Billings was a former chief deputy for the Jackson County Sheriff's Office.
"Victor stepped in front of the ladies and put himself in danger," Eaves recalled. "He grabbed the rifle and pulled it toward himself and said, 'If you are going to do anything, it is me you are going to get.'
"And John, very cold, just pulled the trigger. Not once, not twice, but gave him the last shot when he was on the ground."
A Victoria County district attorney had not pursued a death penalty case originating in Victoria County since 1927, when Ed Joshlin, a 19-year-old black man, was electrocuted on a rape conviction, according to information from the Texas Department of Criminal Justice..

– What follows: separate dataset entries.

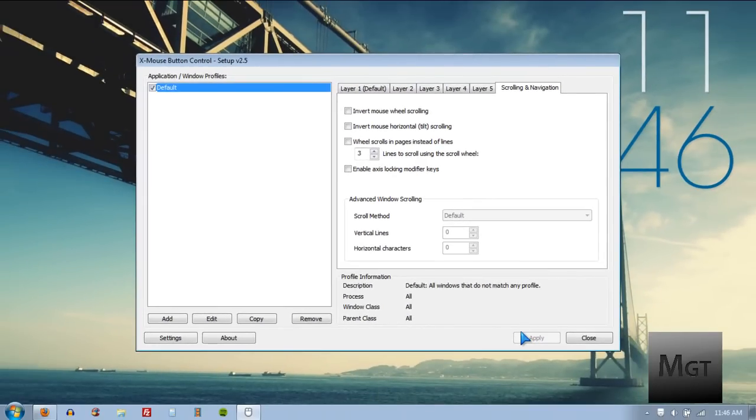That's how to set up extra keys on a gaming mouse. Thank you for watching. If you enjoyed this video, give it a thumbs up, support me with the links in the description, and if you want more tutorials, subscribe.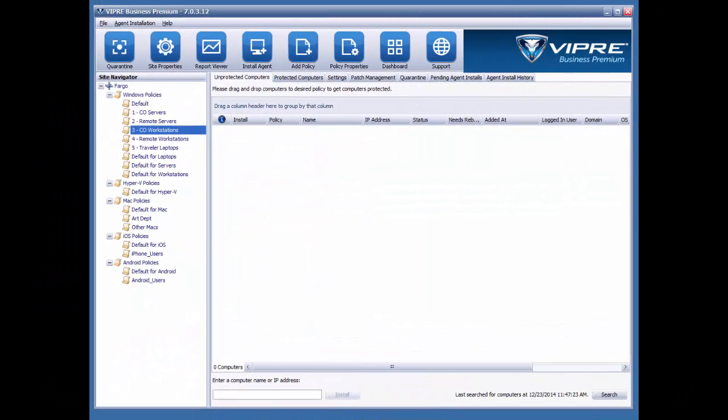Viper comes with some default policies that are already built in for you, and it's a good idea to use them as templates from which you can create your own policies. There are some basic configurations and exclusions built into those policies that can really come in handy for you.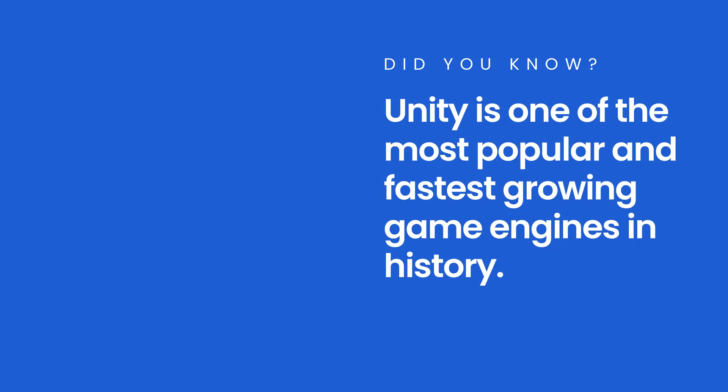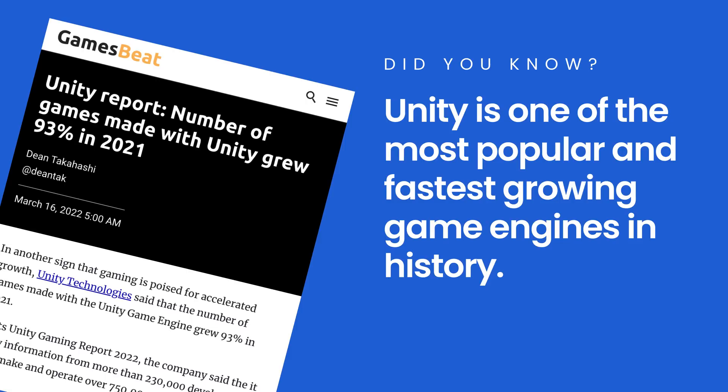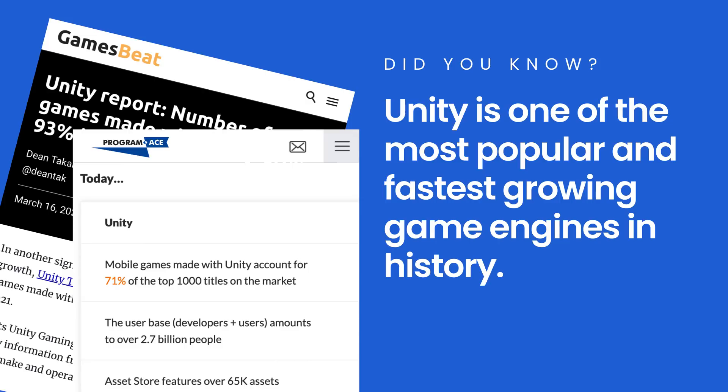Did you know that Unity is one of the most popular and fastest growing game engines in history? According to VentureBeat, in 2021, the number of games made with Unity grew 93%. And according to Program Ace, 71% of the top mobile games are made with Unity.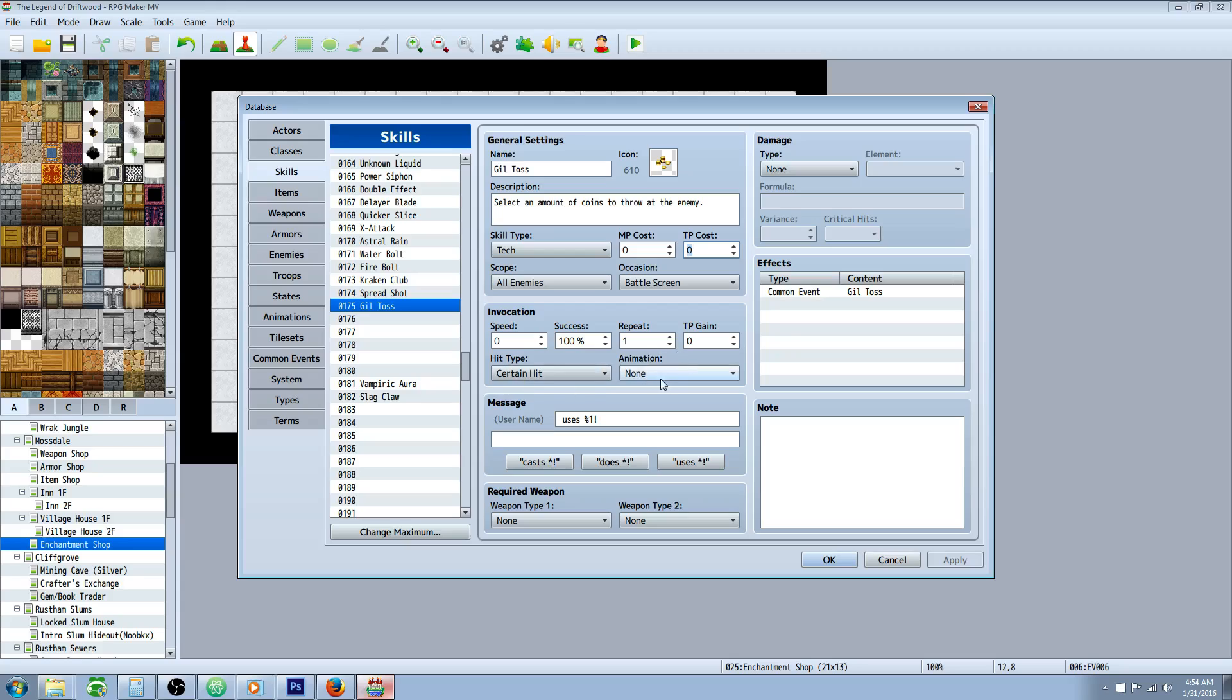Make it the type of certain hit, but don't give it any animation because of the way we're doing it with a common event. It'll show the animation and then it'll ask you how many coins you want to throw, and it doesn't look right if you put the animation here. So go none for here, but we'll create an animation for it.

"That decision was a very, very difficult decision to make," Eaves said about Quintanilla. "I made no bones about it to the jury - straight up, I am asking you to kill this guy. And that is hard to do; I'm sitting 6 feet away from him."
Eaves said there were multiple eyewitnesses identifying Quintanilla as the murderer, forensic and physical evidence and a confession by Quintanilla.
Bibb, also convicted of capital murder, received life in prison because he did not pull the trigger, Eaves said. Bibb will be eligible for parole after he serves 40 years of his sentence.
The jury unanimously convicted Quintanilla in December 2004, and he has since exhausted all appeal options, said Steve Tyler, current Victoria County district attorney, who filed the death warrant for the execution.
Quintanilla also shanked, or prison-style stabbed, a guard while awaiting trial for the murder in the Victoria County Jail and was convicted of attempted capital murder, according to Victoria County Jail records.
"What was the jury to do? You have evidence, you have a confession, you have forensics, they are on a violent crime spree, and then he continues to commit violent offenses while incarcerated. You can argue a lot of things, but you can't argue he is innocent," Tyler said.
An online petition, started in Germany, is advocating for Quintanilla's innocence, but Tyler said the petition is not based on facts and was not started by an individual in this county.
Eaves said he will attend the execution Tuesday at the request of Billings' family.
"In this situation, I think the death penalty was the best thing for them. I think there is going to be such a relief after next week, and when this thing is over, they can put it behind them and get on with their life," Eaves said about the Billings family, who declined to comment for this article.
Harrison Stafford, a friend of Victor Billings, said he was not surprised when he heard Billings died protecting his wife and others.
"He was one of the good guys, and I think that was part of the community reaction was that this happened to a really good guy," Stafford said.
Quintanilla's sister, Jennifer Martinez, said her family declined to comment.
"I really, really honestly feel for the Quintanilla family. No matter how bad a thing he did at the time, they are still losing a son, a brother, an uncle, a family member or a good friend. It is a life, and life is very, very precious," Eaves said.